Although S3 is not a real filesystem, you can almost treat it like one, but it can take a little bit of finagling to write your code to help with this issue.
So I recommend against, for example, putting dates in your filenames, like so:
Don’t do this: s3://mybucket/2018-12-02_server-1_file-1.csv
Why not?
Here’s the scenario: let’s say you’re looking for a specific file from server 13 on Nov 12th. But you can’t grep for it because the file naming conventions changed at some point and nobody’s sure what the structure was at this particular point in time.
In order to make sure it exists, find out how big it is, and copy it to your machine, you now have to list your entire bucket.
This is going to take a while. Like, probably minutes if your data has been accumulating for a few years, especially if you have a lot of files.

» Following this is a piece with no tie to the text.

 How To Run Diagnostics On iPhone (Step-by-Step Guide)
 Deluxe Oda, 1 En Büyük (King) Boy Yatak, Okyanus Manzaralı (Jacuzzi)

In fact, the list might be so long that you won’t be able to scroll through it all, you might have to write it out to a file and then search through that.
I say this from experience, having worked with legacy log files that were stored this way.
___Coalesce
I recommend against using whatever the default output is, if you’re writing out from a cluster, for example, with something like spark.
Most cluster systems will by default write out 1 file per partition or node, which means you end up with a gazillion tiny files of different sizes and it rarely makes sense for any downstream usage.
Instead, I recommend grouping, coalescing, and compressing your files.
___Add slashes into your filenames.
This (artifically) groups your files by year, month, and day.
Then you can coalesce them down into, say, 1 file per day or per hour (depending on how much data you have).
I recommend a structure more like this: s3://mybucket/2018/12/02/platform_name/file-1.gz
Now, when you list your bucket, you can easily jump to the date and platform you want, and download a minimum number of files that meet your criteria.
___Think about your bucket policies and locations
Although new S3 buckets are now global, up until very recently they were restricted to certain regions for a variety of reasons - availability, price, and latency are the main ones.
So if you’re working with legacy buckets, remember that some AWS services will still restrict access if you don’t pass the correct region to go with the bucket (ask me how I know this after spending a couple of days tracking down an AccessDenied error from EC2…).
Until recently, setting up strict bucket policies was sort of optional, but thanks to another recent change in security measures, now you’ll have to set explicit policies or you’re going to find yourself locked out of your own buckets.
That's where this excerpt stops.